10. Governing a whole nation long-term by ten brief laws may seem surprising. The original copies covered two sides of just two stone tablets that Moses could carry down from Mount Sinai and up the mountain (Exodus 32:15; 34:4) and put in the ark of the covenant (Exodus 40:20; Deuteronomy 10:5). But that minimal legislation covers the essential bases. By implication they enjoin what is like them in kind, attitude, and motive; what are extensions of them, what are aspects of the situation each involves, and what are other degrees of these prohibitions. Using the LORD’s name in vain includes blasphemy (Leviticus 24:10-16). From the law against murder Jesus inferred prohibition against anger and verbal abuse (Matthew 5:21-26)). He said that the law against adultery implied not nursing lust or using divorce to avoid adultery (Matthew 5:27-33). “Honor your father and mother” implies taking care of them when they cannot take care of themselves. Jesus used that principle as a corrective on the “Corban” practice, which allowed offspring to give assets to the temple instead of using them to care for parents (Mark 7:10-13). He presented his teaching as “fulfilling the Law and the prophets” (Matthew 5:17-20).

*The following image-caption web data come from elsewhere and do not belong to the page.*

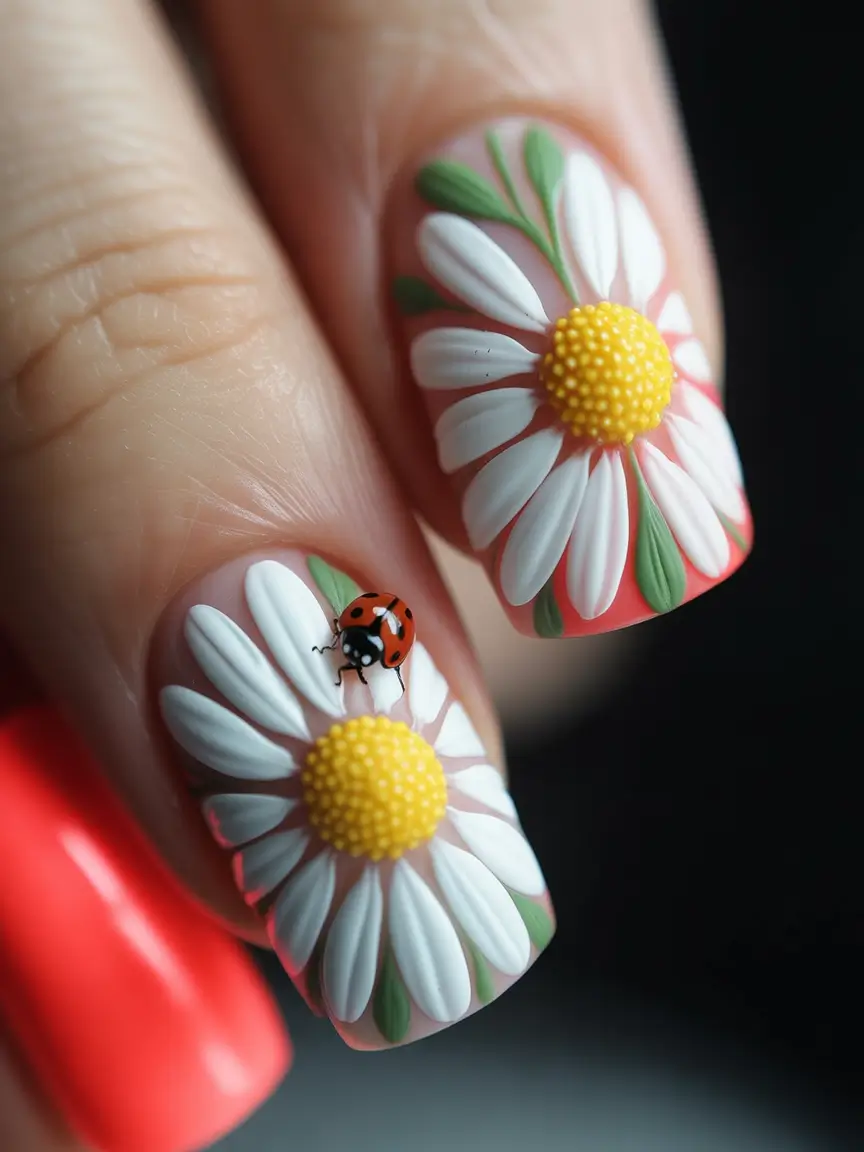 Floral Nail Ideas to Bloom in Summer 2025+Daisy Pop with a Ladybug Twist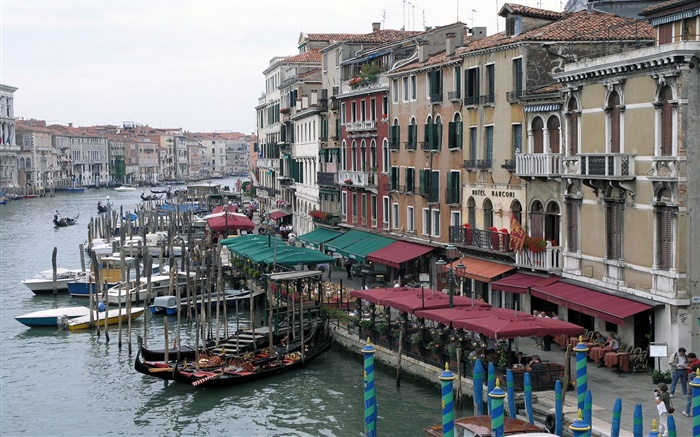 Italia, Venecia, barcos, río, casas Fondos de pantalla, imagen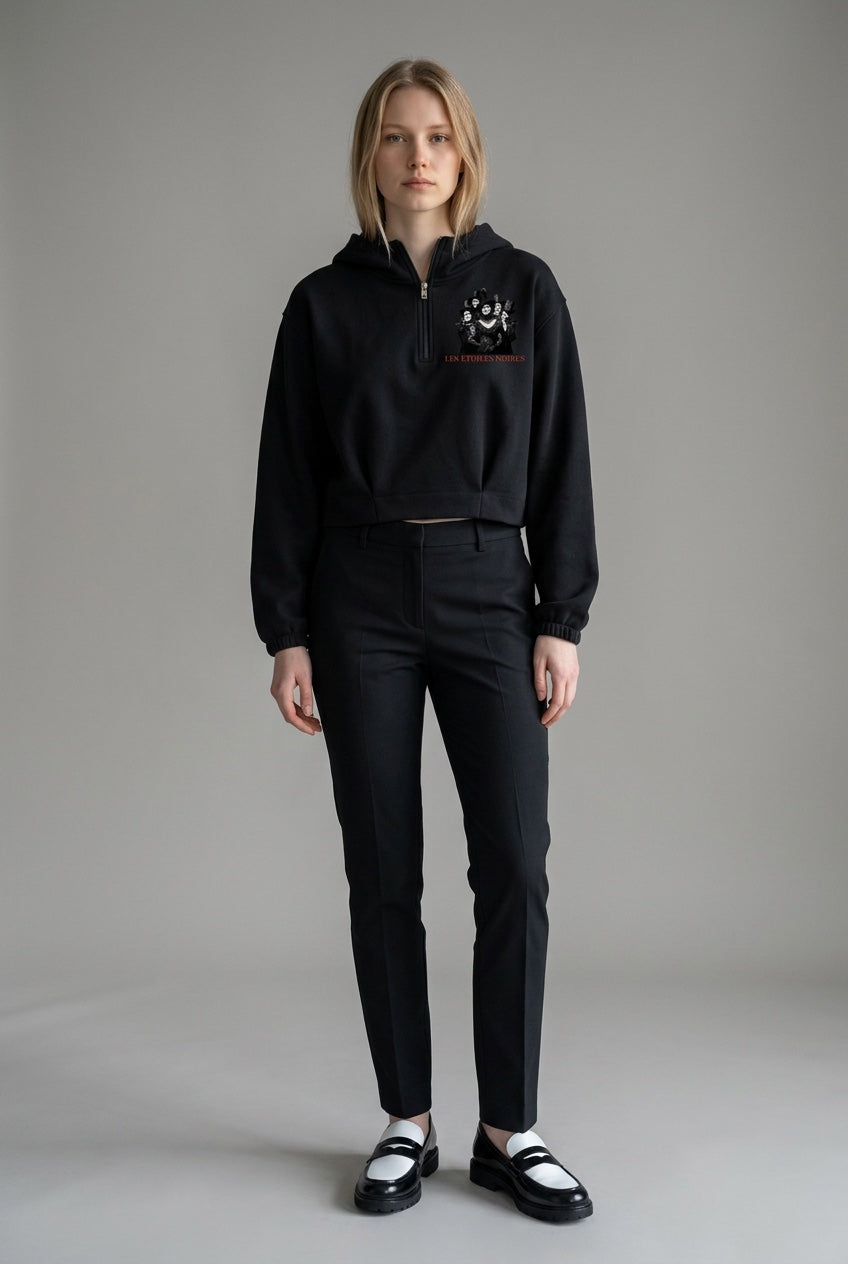 Quarter-Zip Boxy Hoodie — LES ÉTOILES NOIRES | Noir Aesthetic Streetwear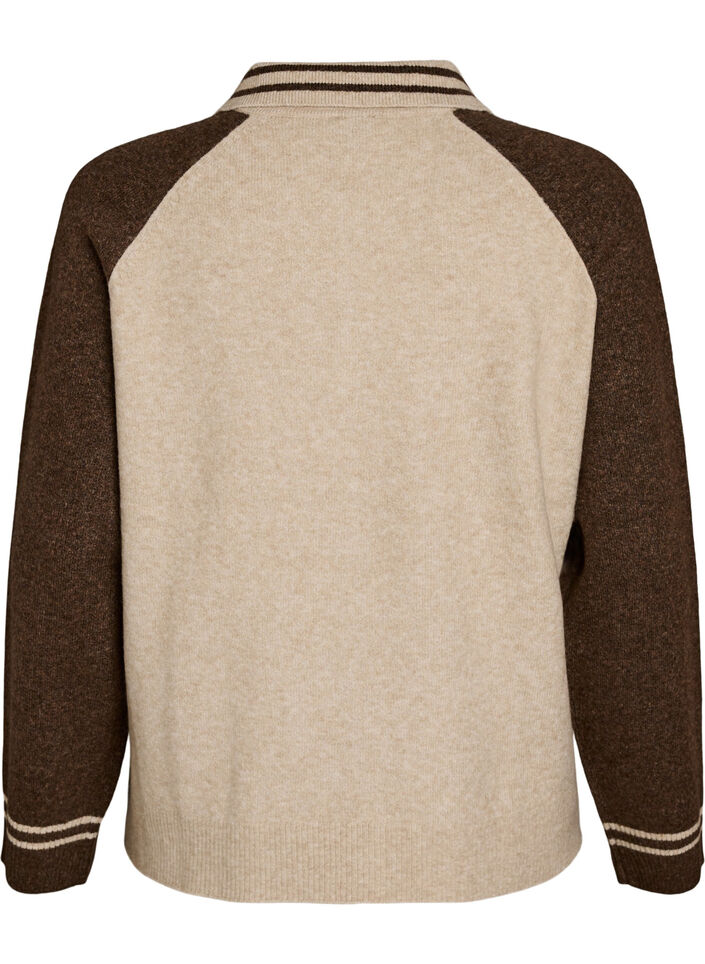 Vest met contrastmouwen en kraag, Beige, Packshot image number 1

The even briefer summary of core directives, not included in the Decalogue, is covered by the First and Second Great Commandments: “Love God” (Matthew 22:36-38 < Deuteronomy 6:5) and “Love your neighbor as yourself” (Matthew 22:39; cp. 7:12; Romans 13:8-10; Galatians 5:14; James 2:8 < Leviticus 19:18).
11. God issued the Decalogue after he had authenticated himself to the Jewish people by unleashing ten plagues on the Egyptians, by protecting the Israelites from those plagues, by delivering the Jews from bondage, by destroying Egypt’s army in the Red Sea, by providing his people with water, manna, and quail in a wilderness that could not support a wandering nation of perhaps 2,000,000 people and their livestock. At the front of his covenant, he identifies himself as the LORD who gave all those benefits, and in the process demonstrated his supremacy over Egypt’s gods and over nature itself. After issuing the commandments, the text records stupendous displays of thunder, lightning, trumpet sounds, thick darkness, and smoke rising from the mountain (Exodus 20:18-21). First, the LORD gave Israel reasons to trust him; then he called on them to respect and obey him and to live together according to these core commandments.